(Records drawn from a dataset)
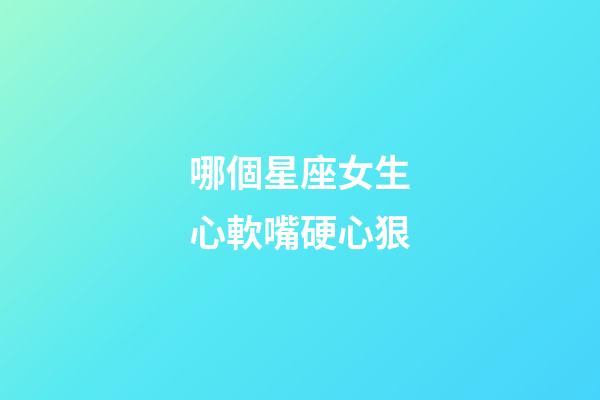 哪個星座女生心軟嘴硬心狠-第1張-星座運勢-玄機派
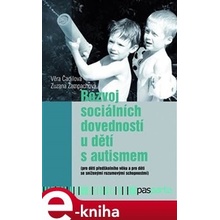 Rozvoj sociálních dovedností u dětí s autismem. pro děti předškolního věku a pro děti se sníženými rozumovými schopnostmi - Zuzana Žampachová, Věra Čadilová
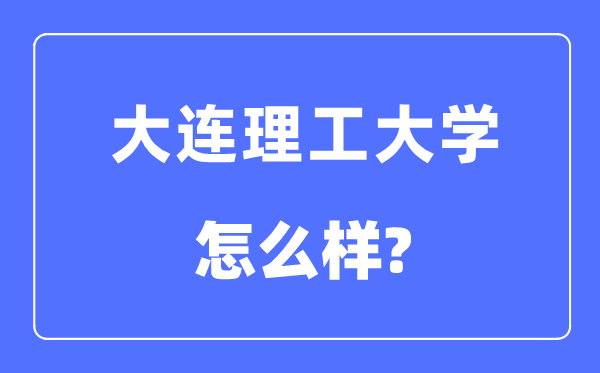 大连理工大学是985还是211大学,大连理工大学怎么样？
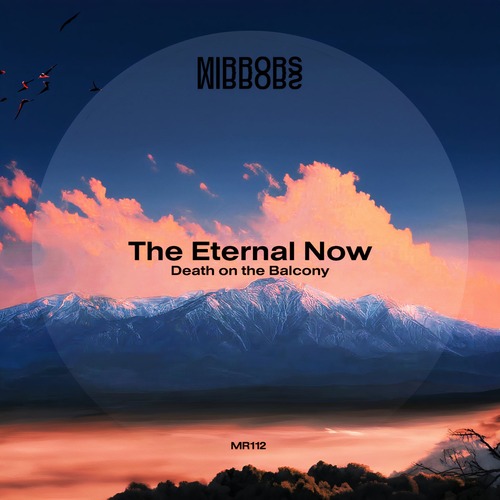 Death on the Balcony – The Eternal Now [Mirrors Label] — Organic House 2026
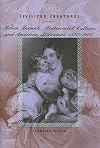 Civilized Creatures: Urban Animals, Sentimental Culture, and American Literature, 1850--1900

_Task to complete_: All lines from the one containing "Rozvoj sociálních dovedností" through the end of the data are to be restated exactly, with nothing else and without the pictures.

_Solved exercise_:
 Rozvoj sociálních dovedností u dětí s autismem. pro děti předškolního věku a pro děti se sníženými rozumovými schopnostmi - Zuzana Žampachová, Věra Čadilová
 大连理工大学是985还是211大学,大连理工大学怎么样？
 Death on the Balcony – The Eternal Now [Mirrors Label] — Organic House 2026
 Civilized Creatures: Urban Animals, Sentimental Culture, and American Literature, 1850--1900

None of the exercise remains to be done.